# Timeframe



## Lous mummy (Jun 16, 2014)

Hi everyone, 

I am looking for some advice on timeframes, I have been unofficially linked with a little pink, I say unofficially as she does not yet have a placement order. The court process will be at the beginning of November and I'm wondering how long it then takes to get everything done before you can go to matching panel? I'm aware that LA's don't move children over Christmas and it makes me sad to think in theory this could cause a huge delay. 
If anyone else has been in this situation how long was it between placement order and matching panel for you? Is it not physically possible to do it before Christmas? 

Thank you xx


----------



## Nicola30 (Jun 13, 2011)

Hi!
We found out about our pink on 2nd January - same as you, was pre placement order. The PO was gained on 19th Jan, and they rushed everything as fast as they could for us (even convened a special panel between planned panels) and it was 17th March when we began intros.
I think our timescale was quite normal (perhaps quick even?!?) 8 weeks from PO to intros which means it's almost likely you won't have intros pre Xmas 😥


----------



## becs40 (Apr 9, 2013)

We found out about our lo in August last year pre placement order. Various delays with court etc meant po was finally granted 15 December. We were adamant we wanted lo to move at the very earliest opportunity as was in his best interests. LA agreed we would foster to adopt until matching panel to prevent further delay. We started intros 16 December and he moved in 19 December. He was 6 months old so everyone was in agreement of 6 months being a key development age and should be moved then if at all possible.
We went to matching panel in February (with him!) so if hadn't of done foster to adopt would have been March when placed which we kept saying to them was not acceptable. They want you to demonstrate that you can fight for the best for your child so I just stated to them that was all I was doing!


----------



## Lorella (Jan 10, 2013)

Ours was just under 3 months between placement order and moving in but could of been a bit quicker. SW took holidays so slowed things by a couple of wks x


----------



## Mumanddad (Apr 6, 2014)

Hey
We are "linked" to lo who's PO is due to be granted 23rd October and panel 11th November and lo will be moving in before christmas.
Sending big hugs   hope things move quickly for you
Becky x x x


----------



## Kelloggs (Aug 15, 2011)

Im pretty much in the same situation. We are linked unofficially to a little boy, his final hearing for PO was on Wednesday but waiting to hear the outcome. Meeting his social worker on the 4th Nov. My social worker has said its unlikely to happen before xmas. I think in some ways its good as the FC will get to enjoy his first xmas and then next year i will be off work to spend with him. PM me if you'd like to chat, would be good to have support from someone in the same situation xx


----------



## Lous mummy (Jun 16, 2014)

Hi guys, thank you all for your replies. 

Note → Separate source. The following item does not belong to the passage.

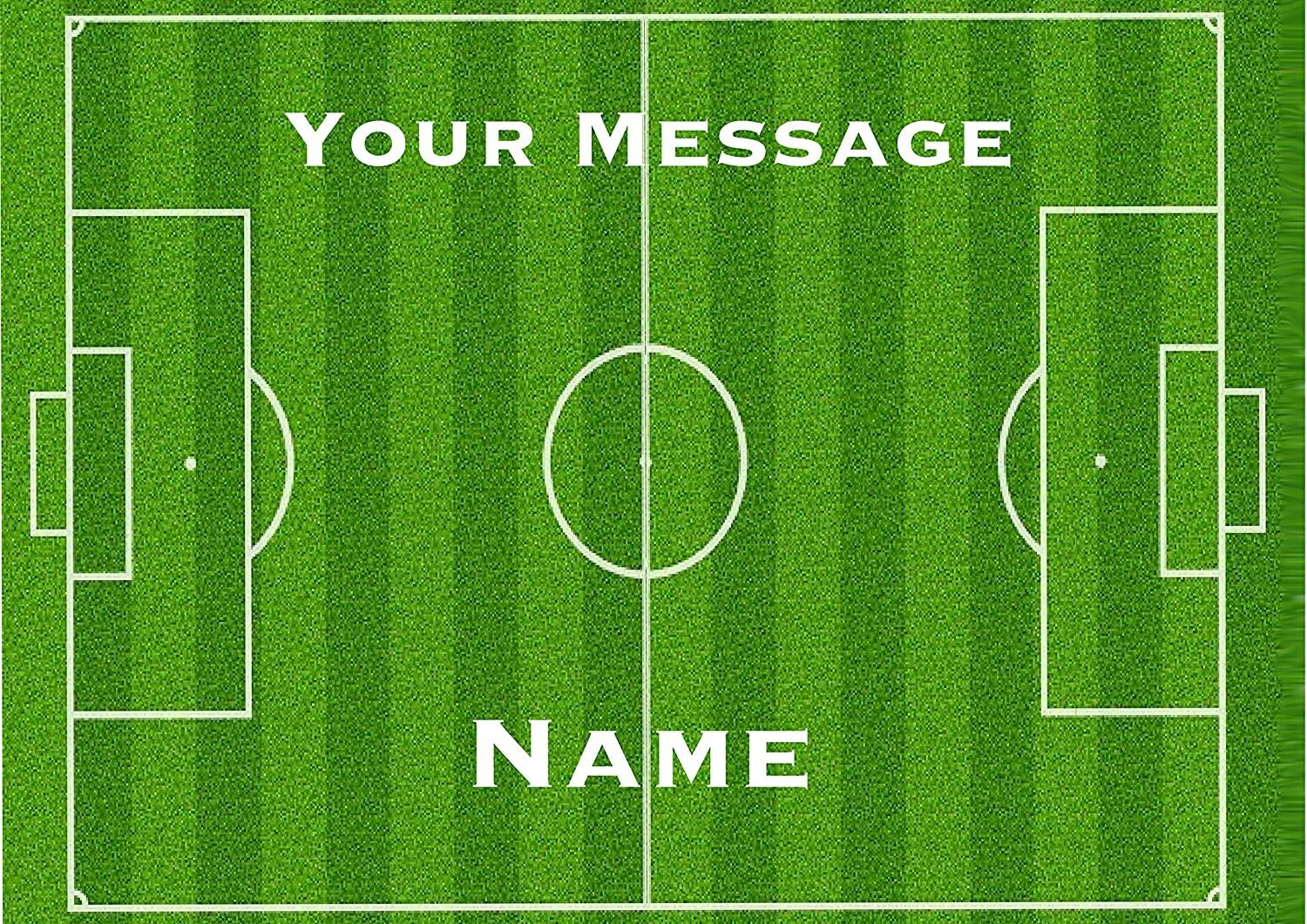 1500x1061 Orange Trading Dartmouth LTD A4 Edible Decor Icing Sheet PERSONALISED Football Pitch Wallpaper Cake Topper Decoration for larger cakes: Amazon.co.uk: Toys & Games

I was hoping it would happen before Christmas for purely selfish reasons really, I really wanted to share her first Christmas. I know there's a lot of work that needs to be done prior to matching panel, but I suppose there's no harm in me asking for it to be faster?! 

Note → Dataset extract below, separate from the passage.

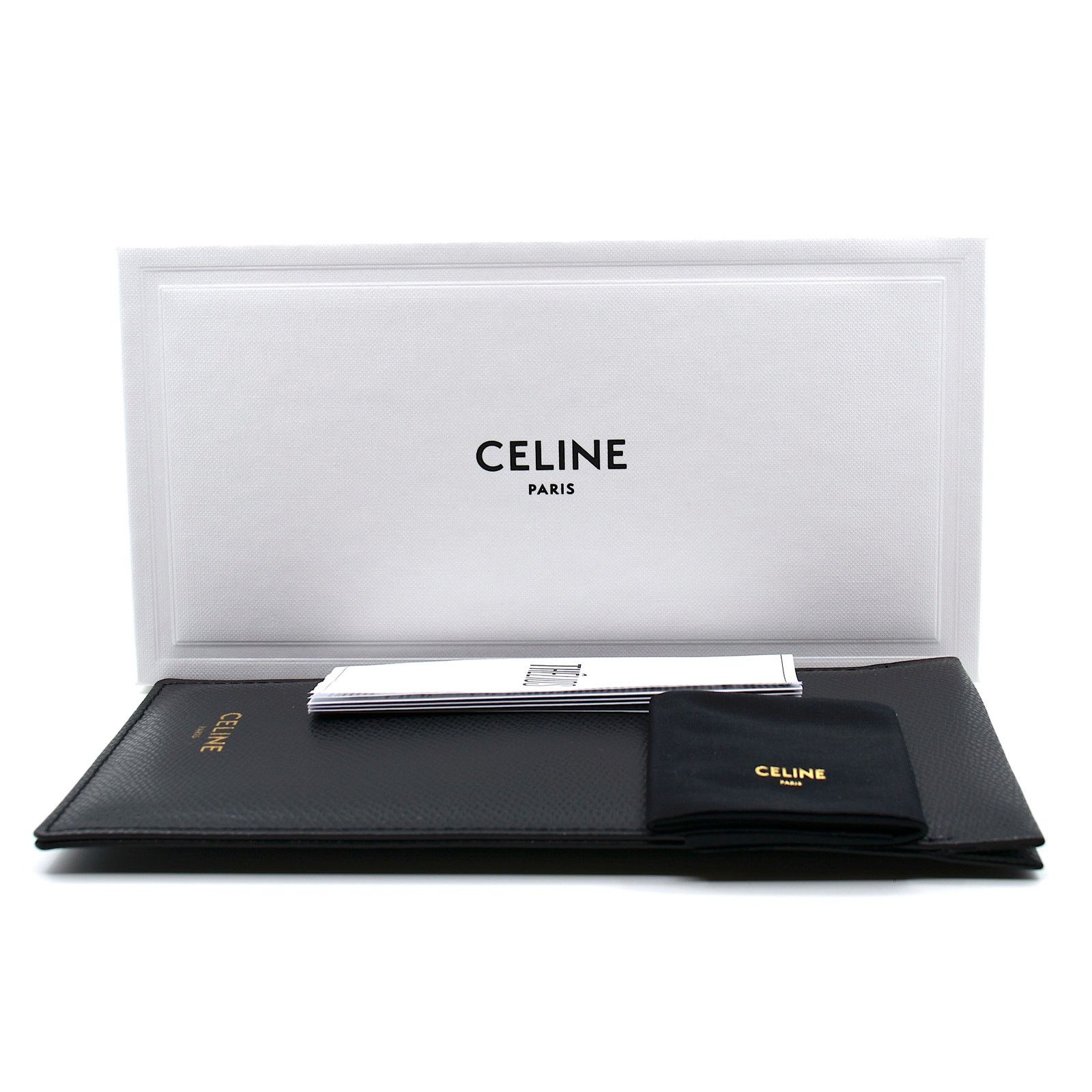 Celine CELINE PARIS CL4055FN 55E STRIPED HONEY HAVANA SUNGLASSES Size ONE SIZE - 14 Thumbnail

Thank you Kellogs, I will pm you now xx


----------



## Tictoc (Aug 20, 2015)

Hi - just to add that our LO also moved in pre matching panel. We were under foster to adopt shortly after PO was granted and the went to matching panel when he was already with us. It can be done if the SW thinks it's in the child's best interest


----------



## becs40 (Apr 9, 2013)

How old is lo Lous mummy? If she'll be around the 6 month age then I would really really push to foster to adopt to move sooner. The difference between lo at 6 months and 9 months is huge and at 6 months makes attachment issues and problems far less likely.
Re the Xmas thing it was important to us as well although not in the sense of having a lovely first family X as more because as he gets older and asks about his childhood as they do I want to be the one who has been through these things with him to make his life as complete as possible. We obviously experienced his 1st Xmas, 1st time sitting unaided, crawling, tooth, words, steps, birthday etc. All these really important things we have had as a family and for me I think that will be of great significance to him as he gets older.


----------



## littlepoppy86 (Feb 14, 2014)

We had big issues with Xmas...

PO went to court sept, contested.. Oct, contested back again Nov, contested back again early Dec...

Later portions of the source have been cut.